18. The method of claim 13, further comprising performing a test pattern detection process to locate the one or more test patterns in the modified output image data.
19. The method of claim 13, further comprising providing the input image data from a digital video source.
20. The method of claim 19, wherein the digital video source is an image splitter.
21. The method of claim 19, wherein the digital video source is a distribution amplifier.
22. The method of claim 13, further comprising generating the modified output image data including one or more test patterns every frame.
23. The method of claim 13, further comprising generating the modified output image data including one or more test patterns at predetermined intervals.
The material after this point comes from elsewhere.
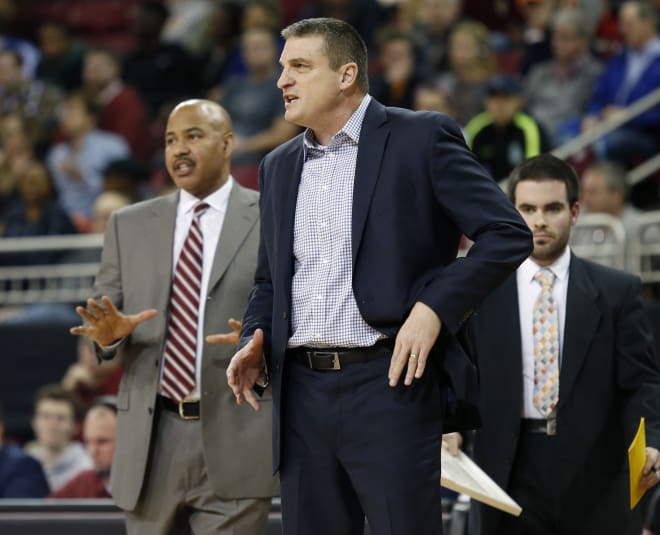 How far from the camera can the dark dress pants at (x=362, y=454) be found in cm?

24. A system for automatically generating calibrated display characteristics at each of one or more display devices, comprising:
for each of the one or more display devices,
means for receiving input image data,
means for generating modified output image data from the input image data including one or more test patterns,
means for receiving a representation of one or more display characteristics detected from the display device in response to the one or more test patterns,
means for computing a correction three-dimensional lookup table (3D LUT) based on differences between the one or more display characteristics and the one or more test patterns, and
means for adjusting the modified output image data using the correction 3D LUT.
25. A system for automatically generating calibrated display characteristics at each of one or more display devices, comprising:
one or more image processing logic blocks, each image processing logic block couplable to a display device and configured for generating modified output image data from input image data;
a feedback input port within each image processing logic block, the feedback input port configured for receiving a representation of one or more display characteristics detected from the display device;
a display device coupled to each of the one or more image processing logic blocks for displaying modified output image data from the image processing logic block;
a sensor coupled to each image processing logic block, each sensor in proximity with a display device for detecting test patterns on the display device and providing the representation of the one or more display characteristics to the feedback input port within the image processing logic block; and
a digital video source coupled to each image processing logic block for providing the input image data to the image processing logic block;
wherein each image processing logic block is further configured for generating modified output image data including one or more test patterns, receiving the representation of the one or more display characteristics generated from the display device in response to the one or more test patterns, computing a correction three-dimensional lookup table (3D LUT) based on differences between the one or more display characteristics and the one or more test patterns, and adjusting the modified output image data using the correction 3D LUT.